La Resistencia Indígena… también ante el Cambio Climático

Independientemente de su origen o causa, es evidente que el clima está cambiando. Las estaciones con sus ciclos de lluvia, frío y calor están cambiando también. La agricultura, que depende de dichos ciclos, se enfrenta a retos inéditos para seguir alimentando al mundo.

Como se dice, el clima está muy loco y se pone peor. Debido a esto, las medidas de ingeniería que hasta ahora nos ofrecían los países industrializados son insuficientes. A medida que esto se hace dolorosamente evidente, los académicos del Gran Norte han cambiado su discurso apuntando a la necesidad de trabajar sobre desarrollo de capacidades de los productores y no sólo sobre productos o tecnologías.

La idea es construir sistemas socioambientales que se adapten y que sean capaces de administrar el riesgo y la vulnerabilidad a través de ajustes en sus componentes ecológicos, económicos y sociales.

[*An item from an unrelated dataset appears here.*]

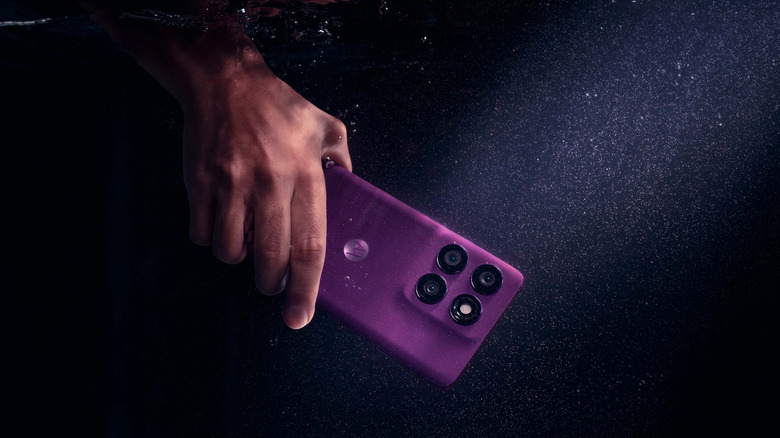 A Motorola Edge 60 Pro being held completely submerged underwater.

Después de varios descalabros para impulsar dichos ajustes desde las grandes instituciones, investigadores de la ramas económicas, ecológicas y sociales comenzaron a explorar una innovadora forma de gobernanza ambiental llamada Co-Manejo Adaptativo el cual se define como “el proceso por el cual arreglos institucionales y conocimiento ecológico son puestos a prueba continuamente en un proceso auto organizado de aprender haciendo”. ¿De que se trata?

Pues de construir redes de personas con diferentes roles dentro de la comunidad para tomar decisiones conjuntas e iniciar acciones donde lo importante es el aprendizaje ajustando en el camino por prueba y error. Se ha visto que estos generan sobretodo confianza y conocimiento según los principios de:

  • Pluralismo y comunicación
  • Toma de decisiones y autoridad compartida
  • Redes, niveles y autonomía
  • Aprendizaje y adaptación

… parece que encontraron el hilo negro pero… ¡SORPRESA!… muchos ya se les habían adelantado en la idea por unos cuantos cientos de años.

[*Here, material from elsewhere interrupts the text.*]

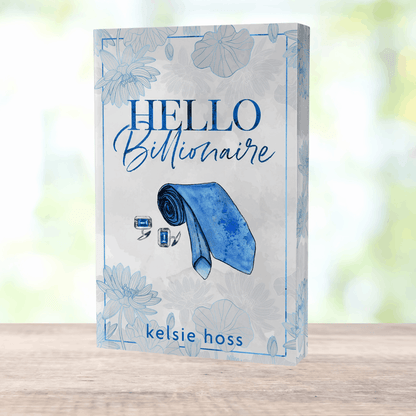 a paperback copy of Hello Billionaire by Kelsie Hoss, the cover features a rolled-up tie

De manera intuitiva muchos coincidimos que muchos pueblos originarios han convivido de manera íntima con la naturaleza por lo que han desarrollando prácticas y sistemas de pensamiento que se adaptan a los cambios de su entorno para mantener la diversidad y abundancia de su territorio a través de la colaboración no sólo de diferentes sectores y actores de sus sociedades sino con los demás entes naturales.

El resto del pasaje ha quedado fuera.